Su mirada y su tono se suavizaron, y empezaba a sonar como el hombre amable que ella solía conocer.
Al oír aquello, Ichika sintió que una ráfaga de éxtasis se extendía por su corazón.
Dejó caer los dos cubos que tenía en las manos y se lanzó a sus brazos.
«¡Cariño!», le gritó con el apodo familiar.
Se zambulló en su abrazo, lo rodeó con fuerza como una niña perdida que por fin había encontrado un hogar y lloró a lágrima viva.
Era como si él fuera su salvación.
Antes, ella había sido la suya, pero ahora sus papeles se habían intercambiado.
Aoi, que había estado observando toda la escena desde lejos, derramó lágrimas de alegría en el coche.
«Señora Minamoto…»
«Vamos a casa. El Señor Minamoto se alegrará de oír tan buenas noticias», dijo Aoi, secándose las lágrimas. Con eso, salieron del templo y se dirigieron a casa.

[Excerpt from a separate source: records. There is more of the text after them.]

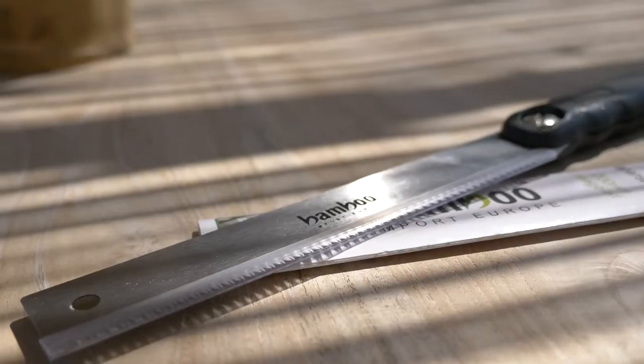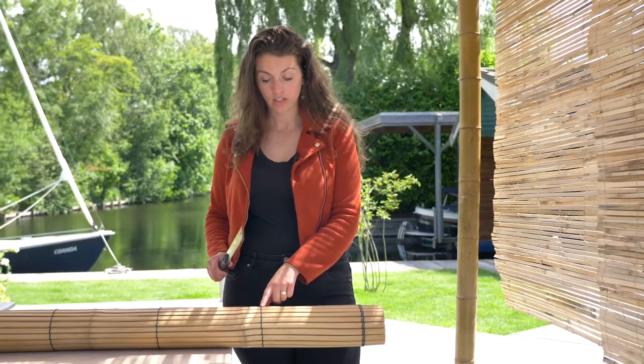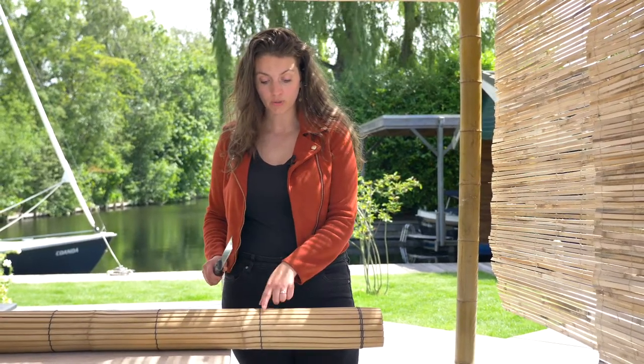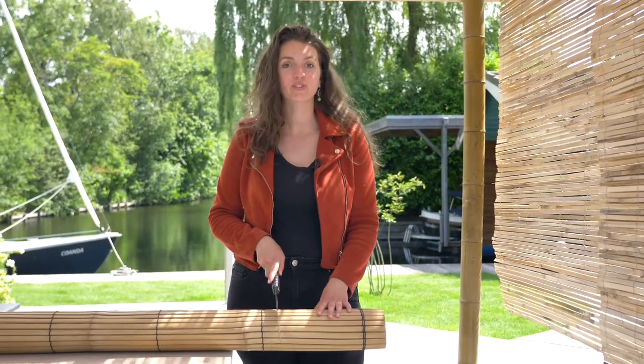The best way to adjust this is by using the Japanese pull saw to avoid splintering. Always make sure that when you cut it you don't have too much space between the last string and the place where you're going to cut it. This will give the best results.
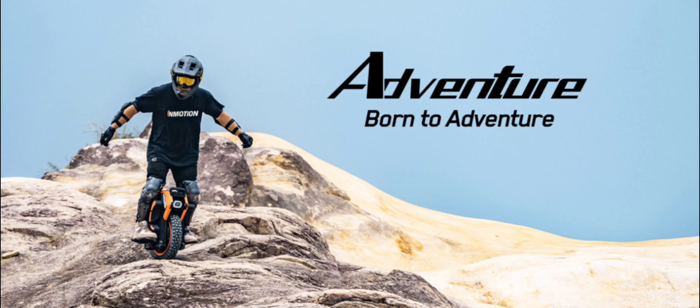Whether you're navigating rocky trails, ascending rugged hills, or conquering challenging inclines, the Adventure Unicycle ensures you remain in complete control of your off-road journey.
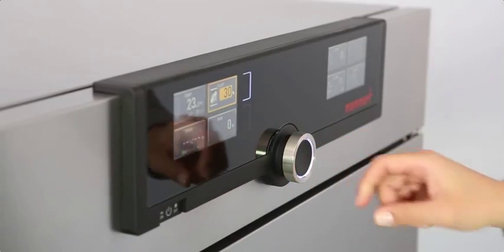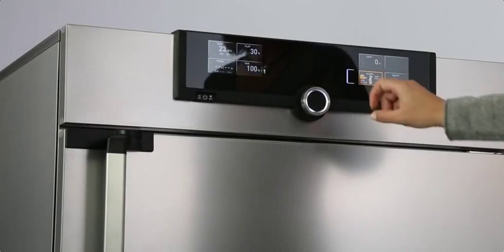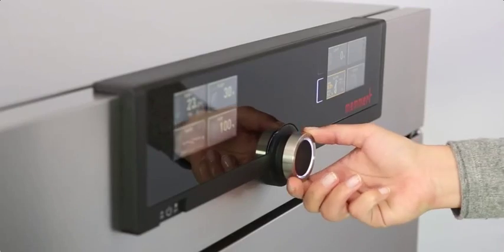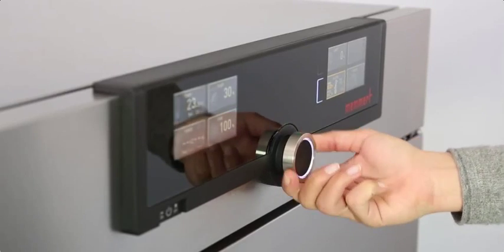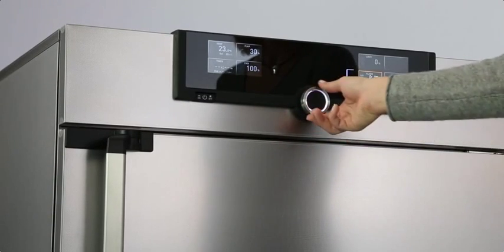Temperature, program duration, fan speed, and ventilation flap positions are all selected in the left display for Generation 2012 appliances. In the right display you can, for example, set temperature monitoring or apply specific parameters such as CO2 and humidity.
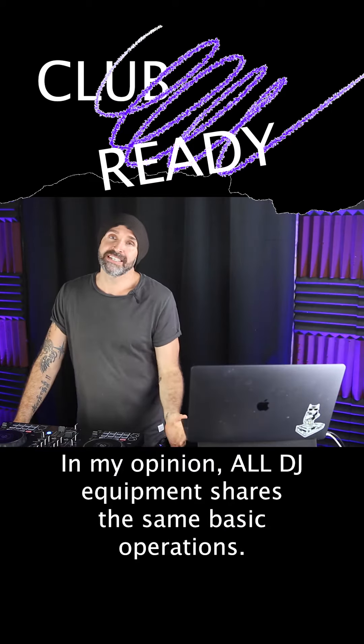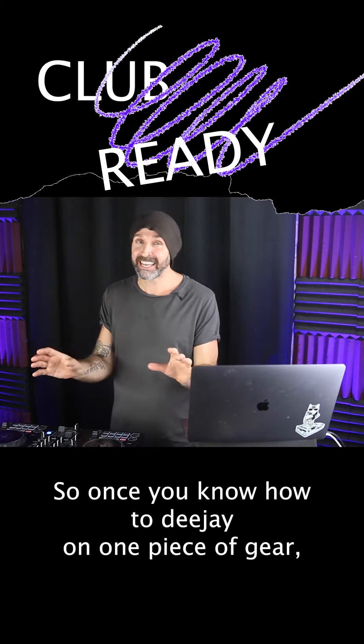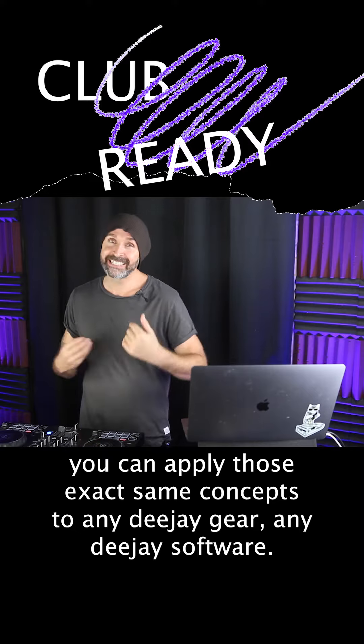In my opinion, all DJ equipment shares the same basic operations. So once you know how to DJ on one piece of gear, you can apply those exact same concepts to any DJ gear, any DJ software.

Dos horas más tarde, en un centro comercial de primera clase de Terrandya, Ichika había recuperado su habitual carácter vivaz, con los ojos brillantes.
«¿Me queda bien esto, maridito?», preguntó, indicando la nueva peluca y la ropa que llevaba puesta.
«Mm-hmm», fue la respuesta de Salomón.
La observó en silencio.
A estas alturas, ya había comprendido casi todo lo que su corazón deseaba realmente.
Durante los últimos días, encerrado en su villa, había tenido innumerables veces el impulso de abandonar inmediatamente la ciudad y regresar a su tierra natal, pero en ninguna de esas ocasiones esa decisión le había hecho sentirse ni la mitad de bien de lo que se sentía ahora.
Tal vez en su corazón aún perdurara una pizca de amargura, pero estaba seguro de que, en aquel momento, no podría sentirse más satisfecho.
Regresaron cuando terminaron de comprar. Como sólo faltaban cuatro días para Navidad, Salomón empezó a prepararse para regresar a su país natal con Ichika a cuestas.